InterVarsity alumni - Tim Keller

Gordon Govier
October 6, 2009

Tim Keller believes that engaging our contemporary culture with the gospel is one of the most important lessons he learned from InterVarsity, as a student at Bucknell University, and later as a staff volunteer while attending Gordon-Conwell Theological Seminary.

Tim Keller believes that engaging our contemporary culture with the gospel is one of the most important lessons he learned from InterVarsity, as a student at Bucknell University, and later as a staff volunteer while attending Gordon-Conwell Theological Seminary. The books of InterVarsity Press, particularly those of Francis Schaeffer, were a significant influence in his spiritual formation.

Today as pastor of Redeemer Presbyterian, one of New York City’s largest and fastest growing churches, Tim has the opportunity to engage our culture on a national scale.

A new posture for New York City Christians
New York City is a “culture-forming engine,” Tim observes in an article in the June 2009 issue of Christianity Today. Andy Crouch, the author of the InterVarsity Press book Culture Making, identified Redeemer Presbyterian as a church with an important regional and national influence, helping lead New York Christians to a new posture, “from being a beleaguered minority to being a confident minority.”

Twenty years after its beginning, Redeemer Presbyterian now averages about 5,000 in total attendance each Sunday, at three different locations around New York City. It has helped plant 65 other churches in the New York City area. Only ten of those churches are, like Redeemer, affiliated with the Presbyterian Church in America (PCA).

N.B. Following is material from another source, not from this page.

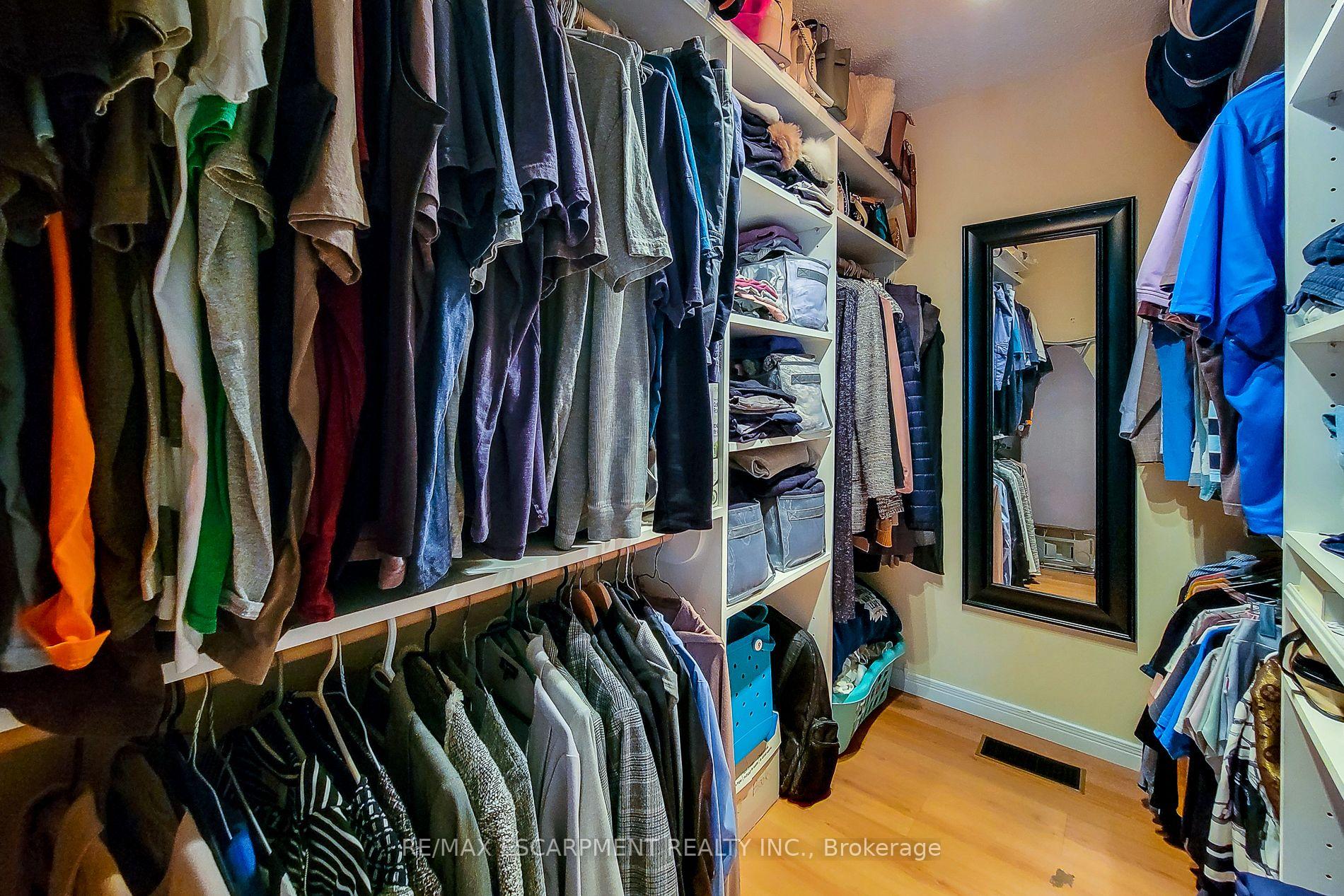 Photo 29 of 76 Baxter Crescent, Thorold, Confederation Heights — HOMEH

Keeping priorities in order
Tim says that “majoring in the majors” of the Christian faith was another of the most important lessons he learned 40 years ago as an InterVarsity student leader at Bucknell.

“The infallibility of the Bible, the substitutionary death of Jesus Christ on the cross, the necessity of the new birth, the incarnation, the full deity of Jesus, there’s no compromising on those things,” he said. “Other truths, which tend to be what makes you a Baptist or a Pentecostal or a Presbyterian or this or that, those other things are not unimportant. But the core is the core. You ought to be collegial and open-minded to other Christians who differ on the secondary. I learned that from InterVarsity.”

Committing to Christ on campus
Like many students who grew up in a Christian home, Tim was not sure what to do with his faith when he began college. So he put it on the shelf and did nothing. “I wouldn’t have at the time said I don’t believe. But on the other hand, I wasn’t a Christian, as I look back on it now,” he said.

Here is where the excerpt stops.